Five Years From 21 3:150:00 / 3:15
“Listening to a Greg Owens and the Whiskey Weather song is like listening in at a confessional, discovering a savory secret or two we can’t wait to pass along.”
— Donna Caldwell - Hollywood Meets Nashville
Five years from 21, did I miss the train or did it never come? – From “Five Years From 21” off the forthcoming EP You Can’t Change the Man.
Greg Owens grew up in a small rural town in West Tennessee just 80 miles North of Memphis. The youngest of four siblings, Greg often spent hours making mix tapes of their CD collections. Inspired by the songs of the nineties featuring The Smashing Pumpkins, Nirvana, and Alice In Chains, Greg started playing guitar and writing songs at the age of 10. By 16, he was packing out local dive bars where the bartenders made a habit of over-serving, and the local meth dealer would set up shop in the bathroom. It was on that stage engulfed in cigarette smoke and the attention of the riotous bar patrons that Greg felt he had purpose. Owens much preferred this atmosphere to the football games and church activities that many of his peers participated in. It was also during this time that the much older members of the band turned Greg on to Outlaw Country. It wasn’t uncommon in those early days for the young band’s set list to feature “Mama Tried” immediately followed by Nirvana’s “Rape Me”.
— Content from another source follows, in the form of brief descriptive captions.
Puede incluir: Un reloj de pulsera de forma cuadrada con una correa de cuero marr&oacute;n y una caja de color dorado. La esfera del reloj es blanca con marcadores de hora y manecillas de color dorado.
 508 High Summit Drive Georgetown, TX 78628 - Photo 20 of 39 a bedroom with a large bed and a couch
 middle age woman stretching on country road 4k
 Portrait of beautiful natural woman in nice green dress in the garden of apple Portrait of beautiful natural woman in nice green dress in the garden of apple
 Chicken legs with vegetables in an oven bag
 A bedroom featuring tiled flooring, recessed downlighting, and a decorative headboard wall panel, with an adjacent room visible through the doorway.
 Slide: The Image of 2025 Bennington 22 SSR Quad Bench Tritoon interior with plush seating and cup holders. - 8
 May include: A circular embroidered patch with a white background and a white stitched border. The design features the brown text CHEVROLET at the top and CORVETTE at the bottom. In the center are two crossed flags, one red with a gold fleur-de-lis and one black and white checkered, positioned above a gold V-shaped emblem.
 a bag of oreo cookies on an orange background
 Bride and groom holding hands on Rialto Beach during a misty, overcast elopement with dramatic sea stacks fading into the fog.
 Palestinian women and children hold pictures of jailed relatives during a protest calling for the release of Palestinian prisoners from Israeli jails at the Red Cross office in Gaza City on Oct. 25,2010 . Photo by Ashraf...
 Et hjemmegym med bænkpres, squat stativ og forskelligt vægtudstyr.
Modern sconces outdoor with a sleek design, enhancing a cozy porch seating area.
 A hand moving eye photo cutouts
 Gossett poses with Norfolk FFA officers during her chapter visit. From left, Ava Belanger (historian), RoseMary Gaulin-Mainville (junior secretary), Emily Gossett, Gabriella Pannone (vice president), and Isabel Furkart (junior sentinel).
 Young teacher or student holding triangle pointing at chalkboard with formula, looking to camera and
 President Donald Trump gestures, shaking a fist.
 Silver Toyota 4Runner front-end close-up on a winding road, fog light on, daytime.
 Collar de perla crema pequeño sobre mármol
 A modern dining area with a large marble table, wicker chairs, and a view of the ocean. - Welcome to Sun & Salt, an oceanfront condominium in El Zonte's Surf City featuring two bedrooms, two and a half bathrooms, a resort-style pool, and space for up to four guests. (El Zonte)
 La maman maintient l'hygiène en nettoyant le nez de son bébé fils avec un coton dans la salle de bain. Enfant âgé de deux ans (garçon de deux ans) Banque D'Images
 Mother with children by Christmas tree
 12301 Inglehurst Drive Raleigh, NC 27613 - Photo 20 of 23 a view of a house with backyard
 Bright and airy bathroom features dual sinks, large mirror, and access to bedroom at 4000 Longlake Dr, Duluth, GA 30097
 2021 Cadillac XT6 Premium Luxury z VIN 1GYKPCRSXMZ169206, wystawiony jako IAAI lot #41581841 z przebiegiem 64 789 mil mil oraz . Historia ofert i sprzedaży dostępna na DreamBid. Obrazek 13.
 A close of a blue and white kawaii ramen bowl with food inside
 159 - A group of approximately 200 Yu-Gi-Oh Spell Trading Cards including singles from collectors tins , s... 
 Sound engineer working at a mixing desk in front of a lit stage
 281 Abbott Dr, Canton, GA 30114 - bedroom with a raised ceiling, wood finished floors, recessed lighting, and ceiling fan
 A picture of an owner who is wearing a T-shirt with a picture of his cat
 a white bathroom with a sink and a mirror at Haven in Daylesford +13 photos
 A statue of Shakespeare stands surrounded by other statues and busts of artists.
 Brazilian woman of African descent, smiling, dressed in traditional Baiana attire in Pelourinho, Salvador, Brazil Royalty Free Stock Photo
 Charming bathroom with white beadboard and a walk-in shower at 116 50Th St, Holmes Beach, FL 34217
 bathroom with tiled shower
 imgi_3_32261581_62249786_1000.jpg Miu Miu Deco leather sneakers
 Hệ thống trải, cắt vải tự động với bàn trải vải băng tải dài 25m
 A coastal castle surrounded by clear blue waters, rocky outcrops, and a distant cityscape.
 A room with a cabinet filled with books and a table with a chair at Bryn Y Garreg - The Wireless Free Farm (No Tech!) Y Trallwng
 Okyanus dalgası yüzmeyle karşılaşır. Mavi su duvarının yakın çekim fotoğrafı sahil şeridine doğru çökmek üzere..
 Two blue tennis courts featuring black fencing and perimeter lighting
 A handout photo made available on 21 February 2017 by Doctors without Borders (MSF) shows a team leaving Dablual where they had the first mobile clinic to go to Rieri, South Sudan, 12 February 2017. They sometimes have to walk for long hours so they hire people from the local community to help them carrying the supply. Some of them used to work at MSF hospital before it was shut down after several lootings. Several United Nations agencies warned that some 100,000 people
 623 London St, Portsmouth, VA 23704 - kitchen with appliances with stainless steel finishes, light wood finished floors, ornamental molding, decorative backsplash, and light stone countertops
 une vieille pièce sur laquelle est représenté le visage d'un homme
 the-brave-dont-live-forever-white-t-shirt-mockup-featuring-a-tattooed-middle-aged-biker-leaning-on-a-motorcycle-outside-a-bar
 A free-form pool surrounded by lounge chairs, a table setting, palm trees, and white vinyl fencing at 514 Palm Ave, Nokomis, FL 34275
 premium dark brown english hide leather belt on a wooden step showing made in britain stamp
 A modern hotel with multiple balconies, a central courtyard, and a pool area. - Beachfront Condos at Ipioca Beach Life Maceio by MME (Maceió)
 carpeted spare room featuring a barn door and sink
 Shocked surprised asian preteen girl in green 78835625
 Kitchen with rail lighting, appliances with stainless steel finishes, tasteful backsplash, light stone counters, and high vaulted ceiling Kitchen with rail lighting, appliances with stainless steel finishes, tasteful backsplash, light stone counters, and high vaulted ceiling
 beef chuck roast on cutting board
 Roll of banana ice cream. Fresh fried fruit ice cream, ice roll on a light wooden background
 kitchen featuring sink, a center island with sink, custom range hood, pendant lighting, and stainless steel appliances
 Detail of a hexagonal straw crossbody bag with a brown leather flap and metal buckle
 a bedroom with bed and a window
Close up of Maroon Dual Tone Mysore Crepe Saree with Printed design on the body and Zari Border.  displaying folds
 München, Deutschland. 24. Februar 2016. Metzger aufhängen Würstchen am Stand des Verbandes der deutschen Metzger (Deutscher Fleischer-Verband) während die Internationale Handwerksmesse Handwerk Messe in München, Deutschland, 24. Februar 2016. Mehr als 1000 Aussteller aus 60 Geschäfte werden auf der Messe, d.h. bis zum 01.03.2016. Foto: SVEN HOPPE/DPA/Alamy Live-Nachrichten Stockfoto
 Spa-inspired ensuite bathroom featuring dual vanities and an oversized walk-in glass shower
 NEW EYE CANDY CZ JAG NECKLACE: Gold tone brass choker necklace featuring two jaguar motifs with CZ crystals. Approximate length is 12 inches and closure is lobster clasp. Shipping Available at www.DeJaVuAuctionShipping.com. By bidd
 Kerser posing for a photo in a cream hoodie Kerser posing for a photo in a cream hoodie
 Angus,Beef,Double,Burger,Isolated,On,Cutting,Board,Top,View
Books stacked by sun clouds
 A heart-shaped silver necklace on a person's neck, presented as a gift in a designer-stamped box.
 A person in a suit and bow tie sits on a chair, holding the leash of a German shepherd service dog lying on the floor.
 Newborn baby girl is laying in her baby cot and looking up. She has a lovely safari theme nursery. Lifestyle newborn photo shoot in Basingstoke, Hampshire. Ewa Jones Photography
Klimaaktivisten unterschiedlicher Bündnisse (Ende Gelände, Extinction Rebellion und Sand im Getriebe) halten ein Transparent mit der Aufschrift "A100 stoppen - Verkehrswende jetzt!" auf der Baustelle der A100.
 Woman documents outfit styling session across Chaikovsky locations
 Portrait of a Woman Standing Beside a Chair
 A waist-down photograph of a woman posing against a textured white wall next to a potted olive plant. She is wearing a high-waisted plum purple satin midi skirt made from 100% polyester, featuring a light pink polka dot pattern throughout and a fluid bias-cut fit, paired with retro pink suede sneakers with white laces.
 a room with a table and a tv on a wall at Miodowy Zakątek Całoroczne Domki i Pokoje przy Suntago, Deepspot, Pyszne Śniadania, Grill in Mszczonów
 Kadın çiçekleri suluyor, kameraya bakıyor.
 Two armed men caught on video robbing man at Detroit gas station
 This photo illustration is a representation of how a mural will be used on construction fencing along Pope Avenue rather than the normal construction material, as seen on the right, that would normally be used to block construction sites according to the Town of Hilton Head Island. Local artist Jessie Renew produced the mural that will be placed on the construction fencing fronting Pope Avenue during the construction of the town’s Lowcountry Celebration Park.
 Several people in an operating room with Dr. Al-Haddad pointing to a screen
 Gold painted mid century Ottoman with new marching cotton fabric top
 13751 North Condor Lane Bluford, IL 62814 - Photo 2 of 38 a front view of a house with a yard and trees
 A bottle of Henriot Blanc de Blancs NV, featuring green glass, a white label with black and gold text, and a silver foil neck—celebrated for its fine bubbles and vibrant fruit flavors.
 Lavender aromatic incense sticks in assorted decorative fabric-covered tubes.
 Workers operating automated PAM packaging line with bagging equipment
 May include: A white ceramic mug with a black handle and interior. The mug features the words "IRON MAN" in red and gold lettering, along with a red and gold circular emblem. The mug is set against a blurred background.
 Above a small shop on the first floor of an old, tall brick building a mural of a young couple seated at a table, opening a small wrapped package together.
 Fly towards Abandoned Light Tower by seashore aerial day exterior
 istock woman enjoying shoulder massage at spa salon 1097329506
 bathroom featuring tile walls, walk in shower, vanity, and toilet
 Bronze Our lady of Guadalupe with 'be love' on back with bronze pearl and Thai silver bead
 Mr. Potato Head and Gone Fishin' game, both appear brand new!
Now, 15 years later, it’s these influences that shape the sound of the pensive singer/songwriter’s new EP, You Can’t Change the Man. The 6 song EP was produced by Jon Estes (Steelism, Sadler Vaden) at The Bomb Shelter Studio in East Nashville. “Jon and I hit it off the first time we met when we bonded over our favorite Ryan Adams album, Cold Roses,” Greg explains. “From that moment, I knew he was the guy to produce the record.” Sonically, the project leans heavily on elements of Americana made most notable by Spencer Cullum Jr.’s (Steelism, Miranda Lambert) brilliant pedal steel. Greg’s longtime friend, Taylor Lonardo (Dylan McDonald and the Avians), takes up bass duties. This cast is also joined by inimitable drummer Julian Dorio (The Whigs, Eagles of Death Metal) to bring to fruition a rhythm section strongly rooted in rock. The sound is rounded out by Owens’ weathered voice that breezes through the confessional lyrics over equal parts earthy acoustic guitar and overdriven electric. Lyrically, the project deals with themes such as, love, alienation, and coming to terms with change; whether it is good or bad. Although these are not uncommon themes, it’s the authenticity of the songwriter’s lyrics that is unique. The compositions feel very lived in, as if Greg is inviting you into his life. In regards to the opening lyric, it’s not so much a question of if Greg Owens missed the train, it’s where will he take it, and if you will come along for the ride.